A week later, Russia’s vocal opposition leader Alexei Navalny also appeared in court. A lawyer and anti-corruption blogger, with a substantial middle-class following, and sometimes darkly nationalist views, Navalny was Putin’s best-known opponent. (Putin was unable to bring himself to utter Navalny’s name, and referred to him disparagingly as ‘that gentleman’.) Navalny was jailed for five years for ‘stealing’ from a timber firm. Nobody really believed the charges. The sentence was later suspended in what looked like a moment of Kremlin in-fighting.

Russia’s direction of travel, then, was becoming murkier; corruption, show trials and political pressure on the judiciary were everyday facts of life. In a very KGB twist, Putin had passed a new law requiring all nongovernmental
organisations that received western funding to register as ‘foreign agents’. Ahead of the 2014 winter Olympics, to be held in the Black Sea resort of Sochi, the Duma had enacted legislation against ‘gay propaganda’. These moves were part of a wider political strategy in which Putin appealed directly to his conservative base – workers, pensioners, state employees – over the heads of Moscow’s educated and restive bourgeoisie.

According to the activists who met him at Sheremetyevo, Snowden had several new minders. Who were they? All of Moscow assumed they were undercover agents from the FSB.

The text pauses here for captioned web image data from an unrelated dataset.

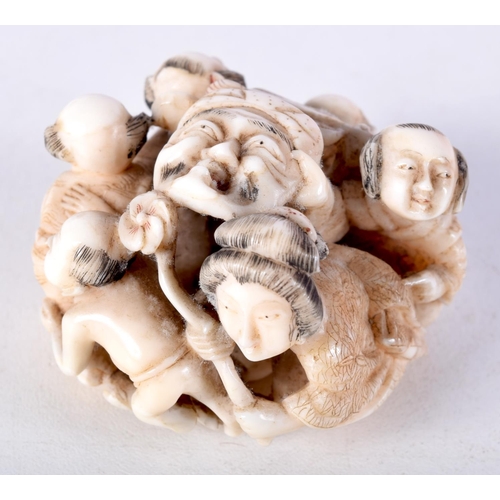 47 - A 19TH CENTURY JAPANESE MEIJI PERIOD CARVED IVORY OKIMONO modelled as numerous figures holding masks... 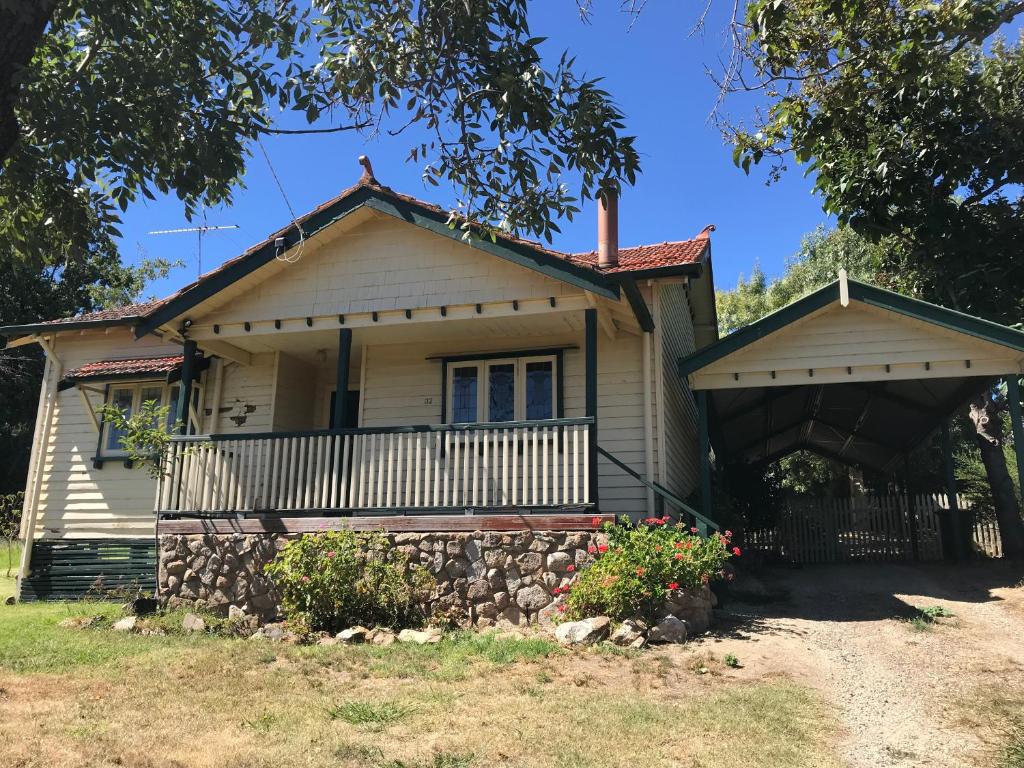 a house with a porch and a fence at Cherry Blossom Cottage - Beechworth-Getaways in Beechworth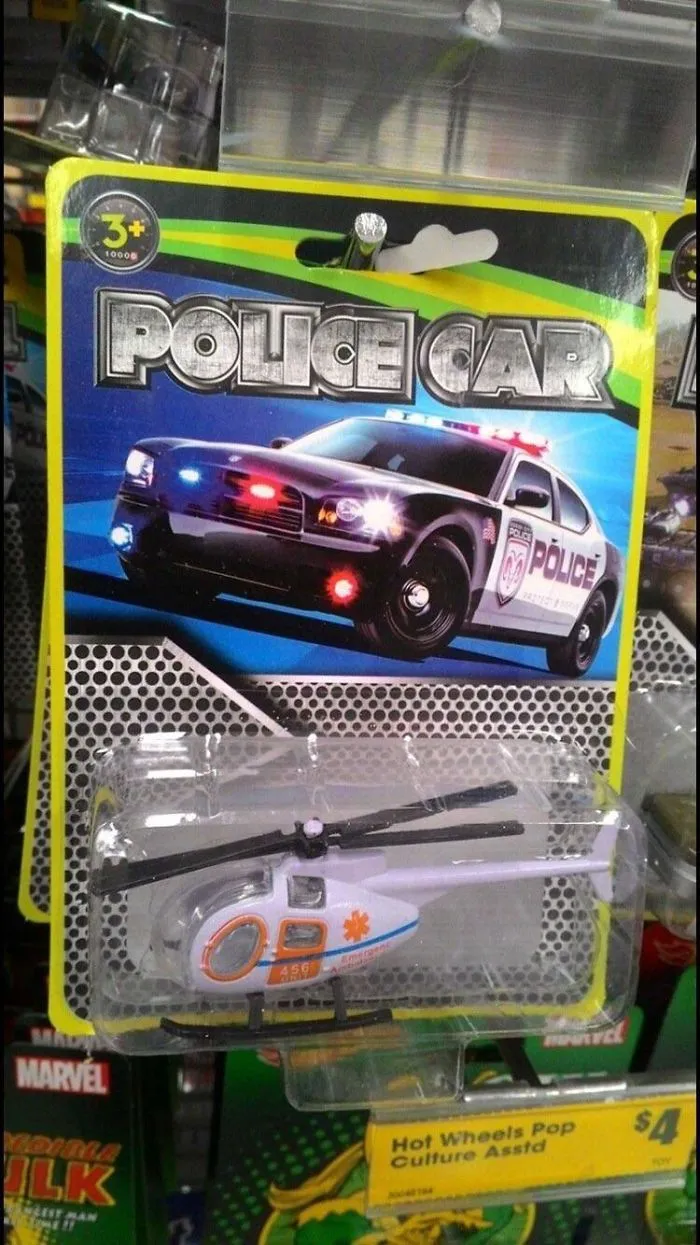 Toy packaging labeled "Police Car" with a helicopter inside, illustrating a funny design fail in product presentation.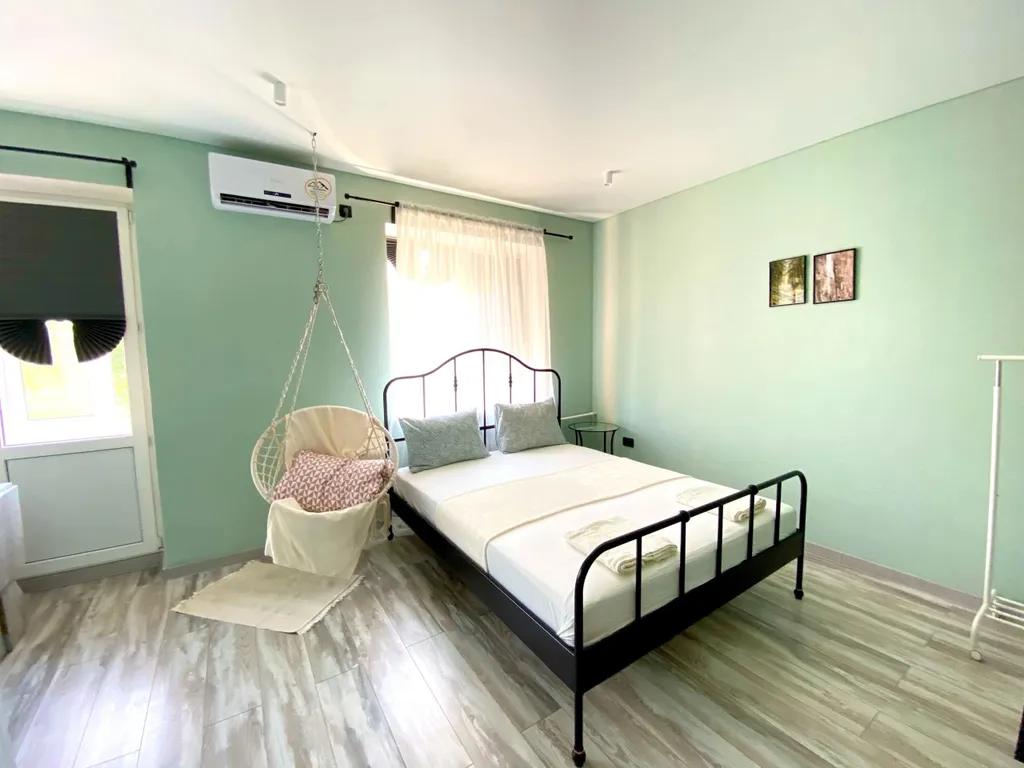 Уютная студия с качелями и видом на тихий зеленый сад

The FSB is Moscow’s pre-eminent intelligence agency. It is a prodigiously resourced organisation that operates according to its own secret rules. After the collapse of the Soviet Union the KGB was dissolved. But it didn’t disappear. In 1995 most of the KGB’s operations were transferred to the new FSB. Nominally it carries out the same functions as the FBI and other western law enforcement agencies – criminal prosecution, investigations into organised crime and counter-terrorism. But its most important job is counter-espionage.

One of the lawyers invited to Snowden’s 12 June press conference was Anatoly Kucherena. Afterwards Snowden sent an email to Kucherena and asked for his help. Kucherena agreed. He returned to Sheremetyevo two days later and held a long meeting with Snowden. He explained Russian laws. He also suggested Snowden abandon his other asylum requests. ‘I don’t know why he picked me,’ the lawyer says.

The following day Kucherena visited again, and put together Snowden’s application to Russia’s migration service for temporary asylum. Suddenly, Kucherena was taking the role of Snowden’s public advocate, his channel to the world. ‘Right now he wants to stay in Russia. He has options. He has friends and a lot of supporters … I think everything will be OK,’ he told reporters.

It’s unclear why Snowden reached out to Kucherena. But the defence lawyer had connections in all the right places. A Kremlin loyalist, he publicly supported Putin’s 2011 campaign to return as president. Bulky, grey-haired, bonhomous, the 52-year-old Kucherena was used to dealing with celebrities. (He had represented several Russian stars including the Kremlin-friendly film director Nikita Mikhalkov.)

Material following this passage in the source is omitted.